Connelly did complete his GED and career readiness, anger management, workforce development and life skills programs. He told the board that he hadn’t received a misconduct report in five years and had been held in minimum custody.
“I haven’t interrupted anyone’s life like I did in 2005,” he wrote in a 2016 letter to the board. “I do realize that I also caused certain emotions in these people, and they will be forever different because of me. I don’t want to remind them of anything. I do want to remind myself of what it’s like to have a normal life and a 9-5 job.”
Under the terms of his parole, Connelly was required to have electronic monitoring and attend substance-abuse programs, both of which are special conditions of general parole, Cotton said. The board approved his mother’s Omaha home as an acceptable residence.
Connelly was to be on parole until Nov. 23, when the state was required to release him.
Cotton said parole offers people a transition to the real world while allowing the state to continue to monitor their behavior.
“If they have done what they are supposed to do, the board will give them that time to transition,” she said. “Some time on parole for supervision is better than nothing.”
Connelly’s mother, Christine Schomer, and stepfather, Joel Schomer, both appeared at the November and June hearings in support.

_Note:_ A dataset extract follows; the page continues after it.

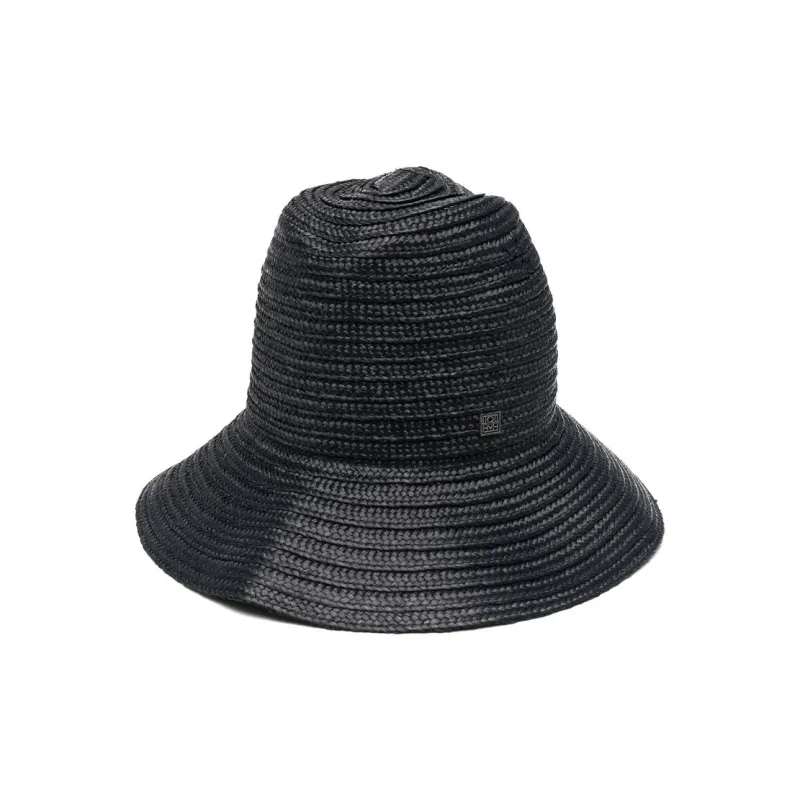 Toteme Bucket Hats Unisex Black-0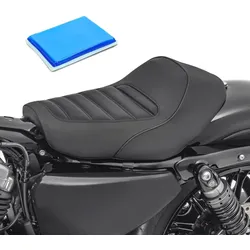 Gel Sitzbank Solo passend für Harley Davidson Sportster 10-20 Fahrersitz Craftride SO5 schwarz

They spoke during the November hearing and expressed anger and frustration when it appeared that the board was going to defer the case until June.
Christine Schomer noted that her sister, Janine Cutaia, whose vehicle was set on fire by Connelly during his crime spree in 2005, had written letters of support.
“He has a home to come to, and has all our support,” Christine Schomer wrote to the board last October.
Joel Schomer also wrote a letter to the board.
“(It’s) time for him to move on with his life all he wants is (a) chance to prove himself and start over and move forward,” Joel Schomer wrote. “We will help our son anyway we can, give him a chance he won’t disappoint you.”
When reached by telephone, Christine Schomer hung up on a reporter, and the couple didn’t return additional messages.
The June hearing ended with board members advising Connelly to stay on a straight path. It’s difficult to tell from the audio recording of the hearing who was speaking.
“I’ll be watching for you; I’ll be looking out,” a board member told Connelly. “Hopefully, nothing will come through, and you’ll just complete your parole and never come back to prison.”
“Right. Thank you,” Connelly said.
“All right. Good luck,” another board member said.
“Thank you,” Connelly said. “I appreciate it.”